ZENSORS: FREQUENTLY ASKED QUESTIONS
Why not use Computer Vision altogether?
Our goal was not to beat existing CV systems; there are many advanced techniques to improve accuracy. Our CV features + ML show that even a basic approach can achieve high accuracy.
Even with our “simple” approach, we are unaware of any system in HCI or CV literature that approaches the breadth of Zensors. For example, here are 4 of the 13 sensors we deployed as part of an early study:
- “How messy is the counter?” (scale)
- “Is there leftover food?” (binary)
- “What type of food do you see?” (category)
- “How many people are standing in line?” (number)
- diverse, natural language questions
- sensors authored by non-experts (see video)
- with reasonably high accuracy
- needs zero training data
- receives live data within seconds
If you're sending an image every, let's say, 30 seconds, wouldn't that be a lot of images to process?
Correct, but we employ image similarity detection, wherein we only process images that are significantly different from a previously captured frame. This reduces the amount of data being sent to the crowd, with a reduction of up to 40% - 60%.

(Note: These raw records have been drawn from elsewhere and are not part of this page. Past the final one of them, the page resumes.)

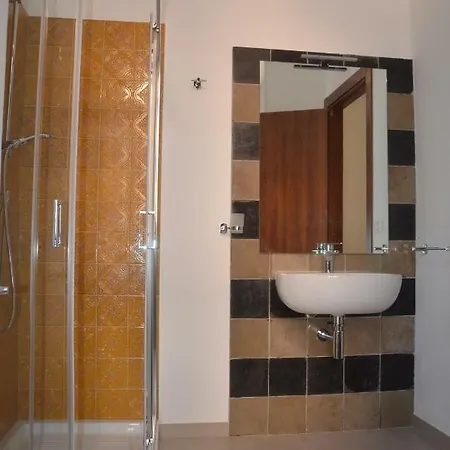 Apartamento Belle Epoque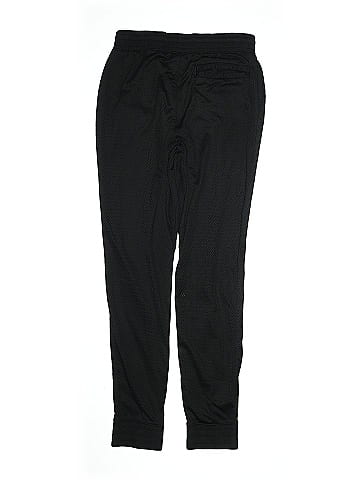 Jordan Track Pants (view 2)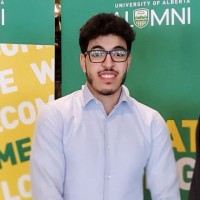Hamzah Elaaoud
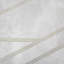Papier peint texturé Hammaker Green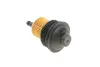 Кришка масляного фільтра Skoda Fabia (11-15), Fabia (09-14)/VW Polo (10-15)/Seat Ibiza (09-15) VIKA DPA 11151769801 (фото 4)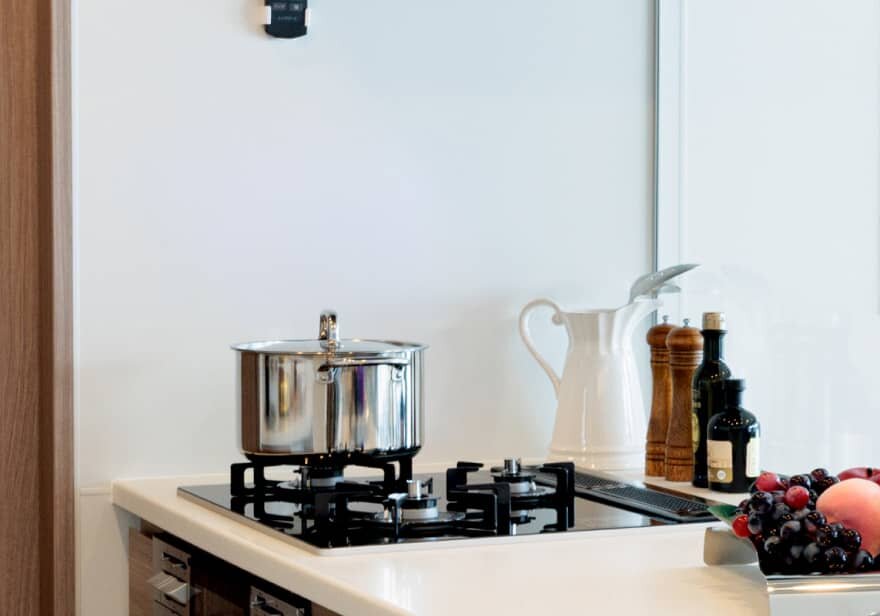 ホーローパネル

Is Zensors accuracy bounded by Computer Vision or the Crowd?
We show that accuracy is bounded by crowd accuracy, mainly due to image quality and question ambiguity. However, there are ways to mitigate this e.g., question templates, richer context, and example labels.
How much of Machine Learning have you explored in this work?
We are just scratching the surface when it comes to Machine Learning. We continue exploring contributing factors for success, and we plan to explore more sophisticated computer vision and machine learning techniques such as deep learning.